Whenever a country because of war is gripped by hysteria, we should always be careful about jumping on bandwagons that fuel hatred for other faiths and people.

Real leadership, like being a good parent, does not always mean saying yes or agreeing with everything. Sometimes you have to make difficult decisions because you consider it in the best interest of the child. That is what we call leadership.

Collin Powell, who disgraced himself in 2003 in the UN when he attempted to drive a case for war by holding up a vial that could contain anthrax, showed that type of leadership on Sunday.

“Is there something wrong with being a Muslim in this country? The answer is ‘No. That’s not America.’ Is there something wrong with some 7-year-old Muslim-American kid believing that he or she can be president? Yet I have heard senior members of my own party drop the suggestion he’s a Muslim and he might be associated with terrorists.
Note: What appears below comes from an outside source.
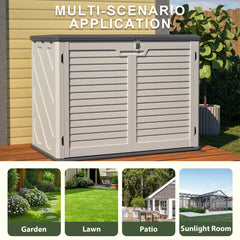 AECOJOY Horizontal Storage Shed Weather Resistance, Lockable Outdoor Storage Cabinet – 28 Cu.ft, Ivory White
This is not the way we should be doing it in America.”

A question was asked to John McCain, the Republican contender for the White House, if he would vote for a Muslim candidate for president.
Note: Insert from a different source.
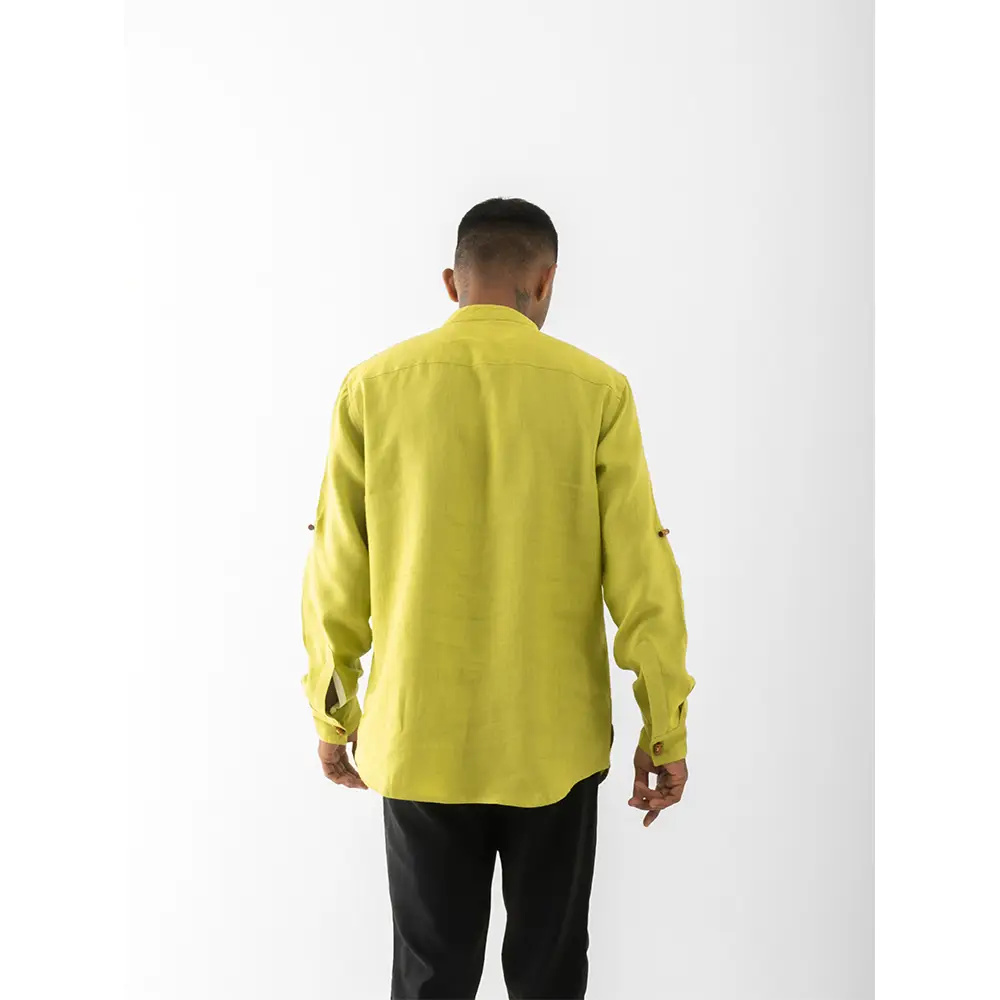Cannabie Pure Hemp Short Kurta Shirt - Solid (Green) on itshemp.in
His reply: “I just have to say in all candor that since this nation was founded primarily on Christian principles, personally, I prefer someone who has a grounding in my faith.” He took back a few days later what he said: “I would vote for a Muslim if he or she was the candidate best able to lead the country and defend our political values.”

(I think it is funny when the US media or anyone claims that McCain is a maverick because he stood up against torture, climate change and other issues. Isn’t it a NORMAL thing that a politician should speak out against such matters?)

Let’s drive the question now to Finland: Could a Muslim child born in Finland ever aspire to become president?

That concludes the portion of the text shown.